1955 startet der Zivilflugzeugbau in der DDR
Der Betrieb VEB Maschinen- und Apparatebau (MAB) Schkeuditz gehörte, wie schon in der ersten Planung, mit dazu. Als Werk 805, unter Beibehaltung seines Namens, unterstand er ab dem 1. Mai 1955 der Verwaltung für Industriebedarf (VfI), die später in Verwaltung für Luftfahrtindustrie (VLI) umbenannt wurde und 1958 als Verwaltung Volkseigener Betriebe (VVB) Flugzeugbau firmierte. Das Nummernsystem der Betriebe wurde wahrscheinlich von der in der Sowjetunion üblichen Praxis übernommen. Der MAB Schkeuditz wurde für drei spezielle Aufgaben der DDR-Luftfahrtindustrie personell aufgestockt und technologisch ausgebaut:
– zentrale Reparaturwerft der Mitgliedsländer des Rates für gegenseitige Wirtschaftshilfe (RGW)
– Werk für Ausrüstungen und Geräte für den Flugzeugbau und den Flugbetrieb.

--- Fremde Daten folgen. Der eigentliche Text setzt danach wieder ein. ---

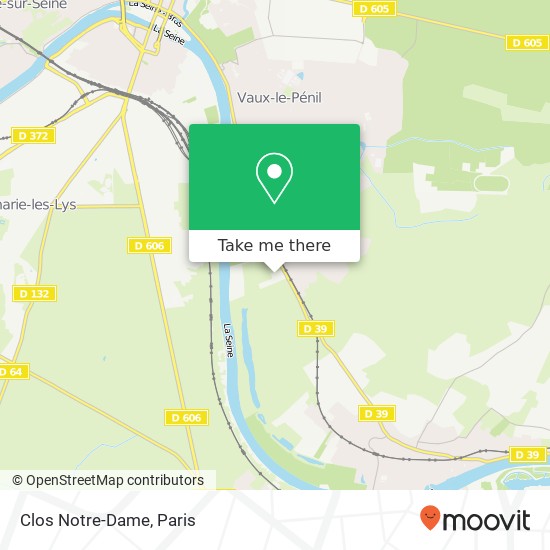 Mapa Clos Notre-Dame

– Werk für Leitwerksbau und Fertigung von Flugzeugbestuhlungen
Die personelle Aufstockung erfolgte kurzfristig im Bereich Produktion und in den mittleren Leitungsebenen durch Einstellung von Spezialisten ehemaliger Flugzeugbauunternehmen, wie ATG und ERLA aus Leipzig, die systematisch mit der Aktion „Freimachung von Spezialisten“ aus den Nachfolgebetrieben, in denen sie sich nach Kriegsende eine neue berufliche Existenz geschaffen hatten, herausgezogen wurden. Sie ergänzten somit die „alten“ Flugzeugbauer der Siebel-Flugzeugwerke und der Lufthansawerkstätten, die gleichfalls im Betrieb MAB eine neue Existenz gefunden hatten. Die Werbung in der Leipziger Volkszeitung mit konkreten Angaben zu Gehaltsgruppen musste nur einmal erscheinen, danach waren alle Stellen besetzt.